1. Who does this version of automated trading fit?

This version of automated trading is geared to the current and future users of Trade-Ideas Pro. It is the next logical step in a series of tools we provide designed to improve a trader’s discipline and remove manual, non-value added steps from the trading process.

Question for current customers: You have a good set up in Trade-Ideas but can you really follow it if you had to do it all by hand? What if you got 3 signals in the same minute? Can you keep track of the 30 minute hold time or a 15 minute hold time if the signals all came in 2 or 3 minutes apart?

The automation helps not by giving some magic formula but by simply offloading the grunt work of manual order entry. The investor/trader should always focus on the strategy not the actual punching of the keys. The traders who will use this automation are the more active traders typically but not always. A customer may want to trade a strategy while they are at a meeting and unable to be in front of a computer for example.

2. Why is automated trading important?

From a customer’s perspective the most important reason for automated trading is the ability to follow a trading plan without breaking the rules. This discipline is often overlooked. So often, investors/traders get caught in the cycles of fear and greed that ultimately leads them to making mistakes that cause serious financial harm. You always hear of the trade that went against you and because the customer did not take the loss early it wiped out their accounts.

Think of things like Enron, and World Com, and countless others. The automation does not care about names it only cares about following strict rules, rules that you the customer sets to protect their capital. Capital preservation and growth is a key to having customers be happy and trading more often.

3. What are your Pro/Cons to automated trading?

Cons are simple. Automated trading is not and will never be for everyone. It will be for a subset of more market savvy active traders. The other con is garbage in garbage out. If you tell the computer to do something stupid, it will then do exactly what you tell it to do. It will follow your stupid rules. That is why you can’t have automation without proper strategy building and back testing.

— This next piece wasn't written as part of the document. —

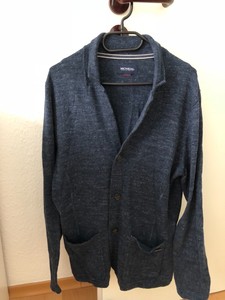 Strickjacke Herren McNeal dunkelblau Größe M für Herbst MCNEAL Winter Herren Jacke Gr. M Blau | eBay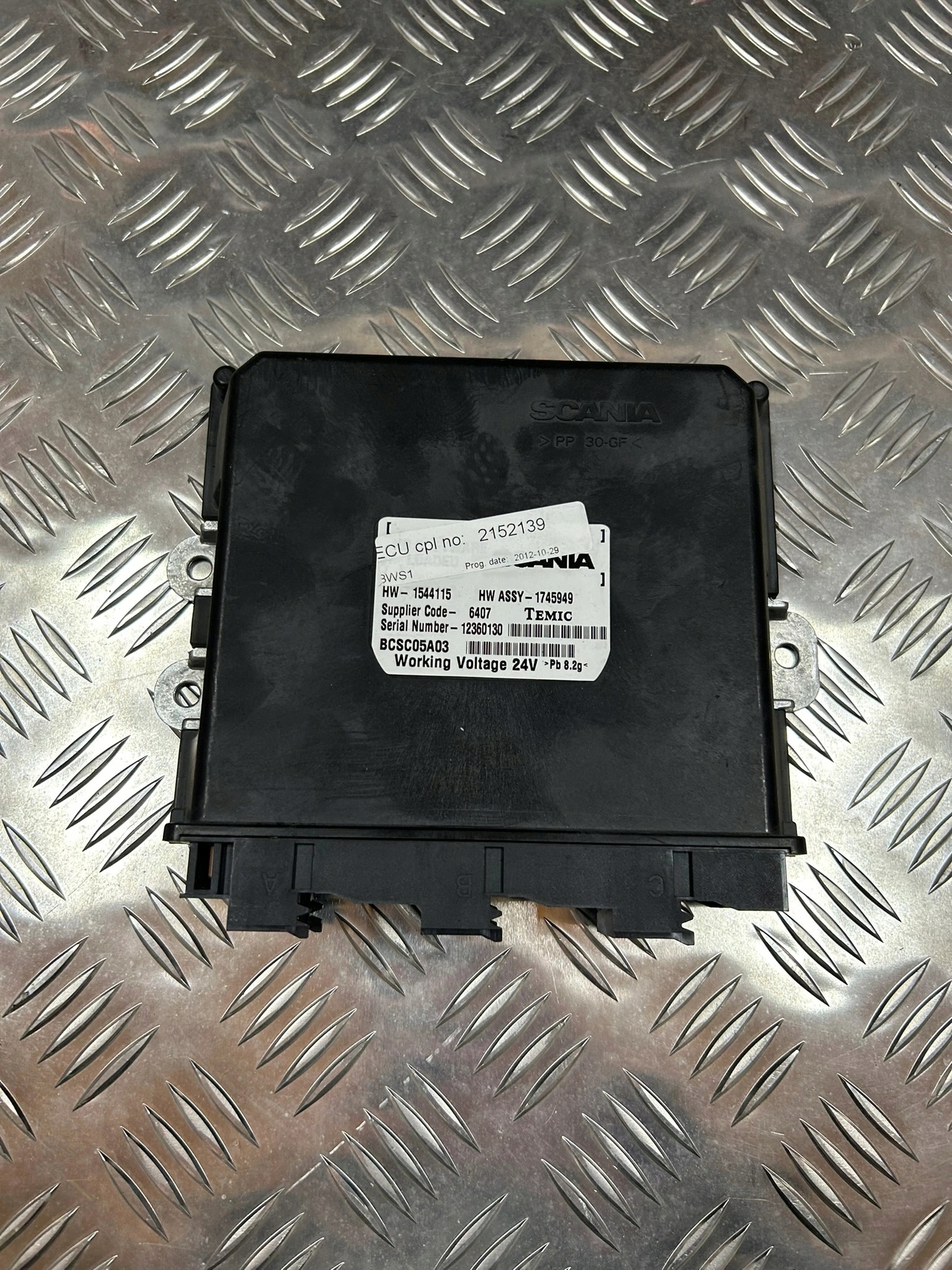 STEROWNIK BWS1 SCANIA R - obrazek 5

It is important to make the customer aware that automation does not equal profitability. The Pros are the ability to explore and participate in market situations that you would otherwise never see. Of course the obvious things like discipline, taking the emotions out of trading, and following the rules exactly as they are laid out are important benefits.

4. Can the user enter the amount of money he/she wants to have auto-traded that day?

Yes. The user will be able to specify things like how much money to allocate to an automated strategy. We already give the ability for the user to specify share amounts to be traded and how many trades they want the system to make on their behalf. More features will be coming. Important note: If the user runs out of buying power the system stops trading.